• _Listed entries_:
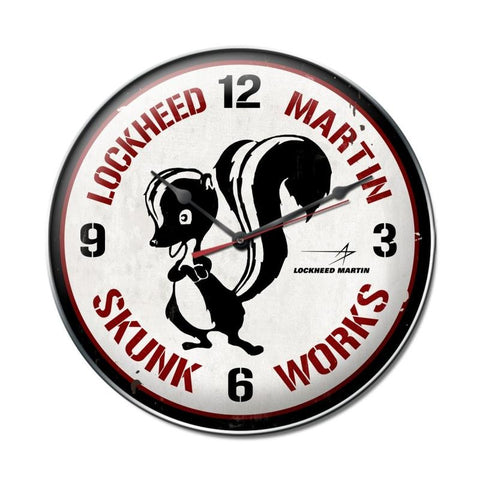 Skunk Works Clock Metal Sign Wall Decor 14 x 14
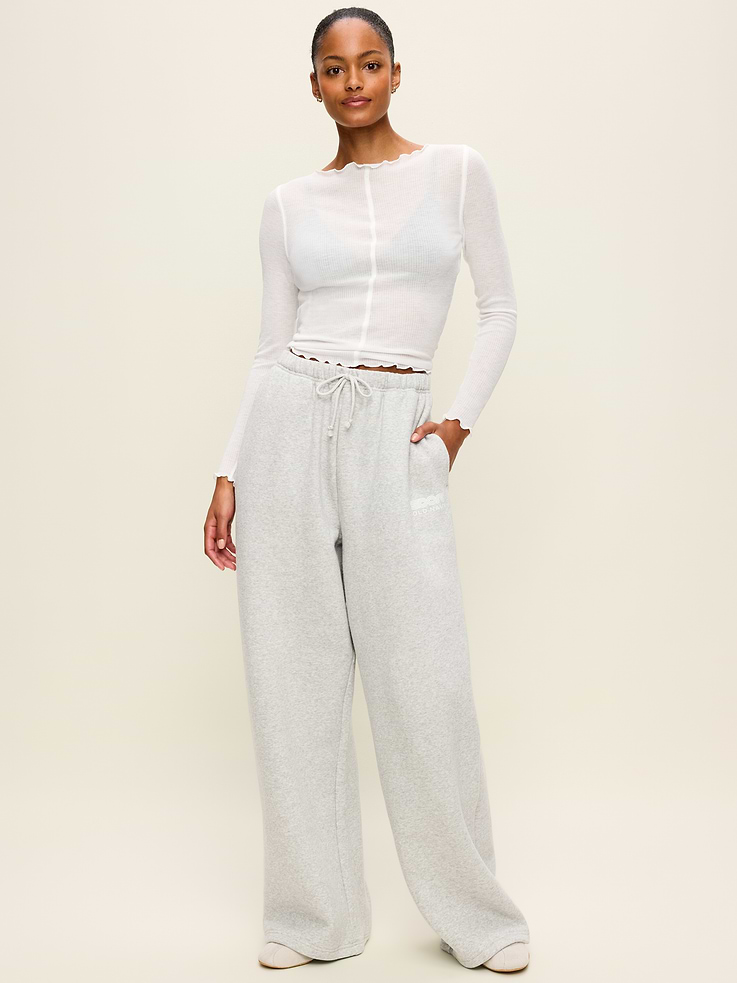 Image 2 of 7, High-Waisted Baseline Fleece Wide-Leg Sweatpants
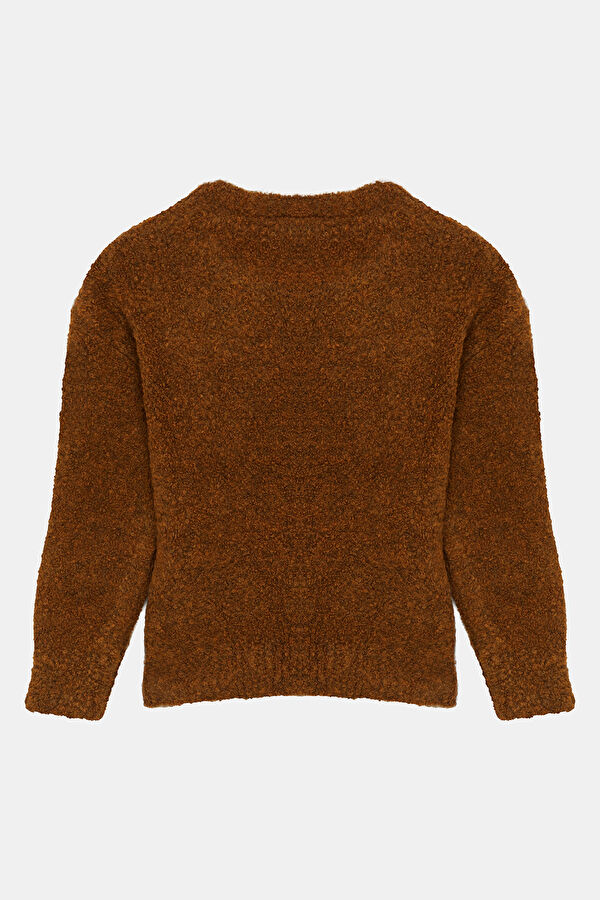 Light Brown Patterned Kids Sweater 2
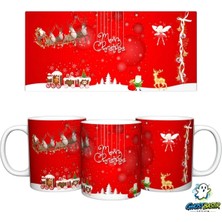 Ghostbastır Design Merry Christmast | Yılbaşı Kupa Bardak | Tek Adet K0607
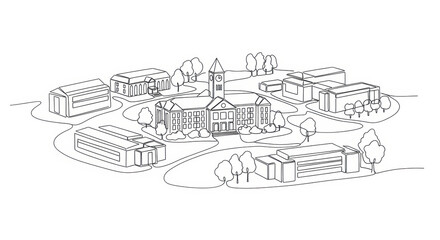 Fototapeta premium Hand-drawn campus map illustration with academic buildings and trees in a circular layout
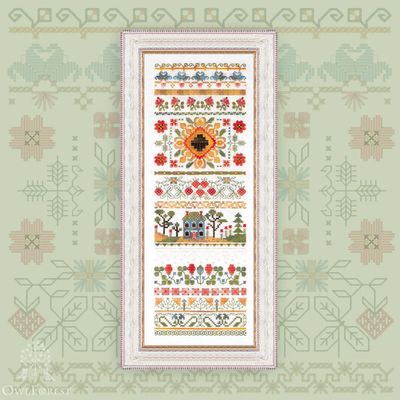 Color of the Summer by Owl Forest Embroidery 2025 Printed counted cross stitch pattern, Set of Hand-Dyed Threads DMC 30,32 ct with 2 strands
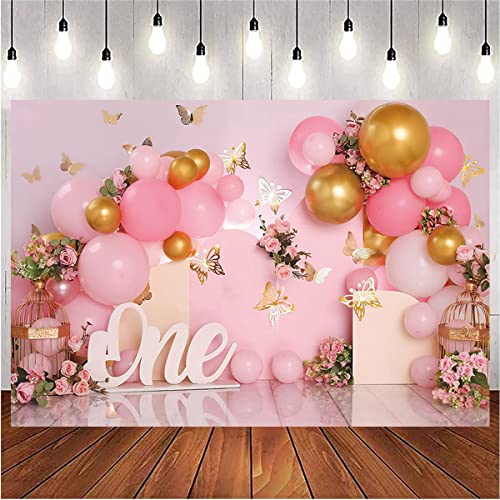 Fondo Fotográfico Rosa con Globos y Mariposas 8X6FT miniatura 7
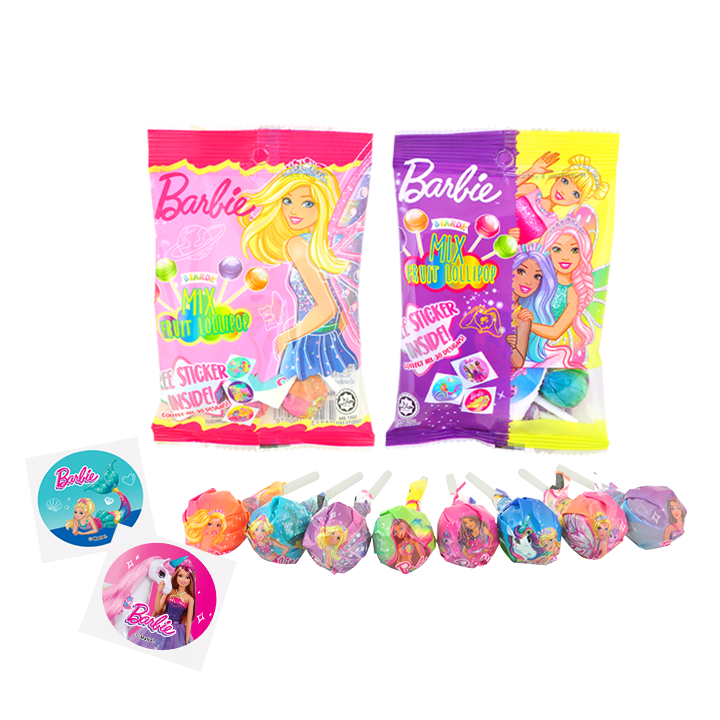 Barbie Fruit Lollipop 40g ( with Free stickers )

• _Your task_:
The pictures stay out; everything else in the records above must be repeated exactly.

• _Task answer_:
 Skunk Works Clock Metal Sign Wall Decor 14 x 14
 Image 2 of 7, High-Waisted Baseline Fleece Wide-Leg Sweatpants
 Light Brown Patterned Kids Sweater 2
 Ghostbastır Design Merry Christmast | Yılbaşı Kupa Bardak | Tek Adet K0607
 Fototapeta premium Hand-drawn campus map illustration with academic buildings and trees in a circular layout
 Color of the Summer by Owl Forest Embroidery 2025 Printed counted cross stitch pattern, Set of Hand-Dyed Threads DMC 30,32 ct with 2 strands
 Fondo Fotográfico Rosa con Globos y Mariposas 8X6FT miniatura 7
 Barbie Fruit Lollipop 40g ( with Free stickers )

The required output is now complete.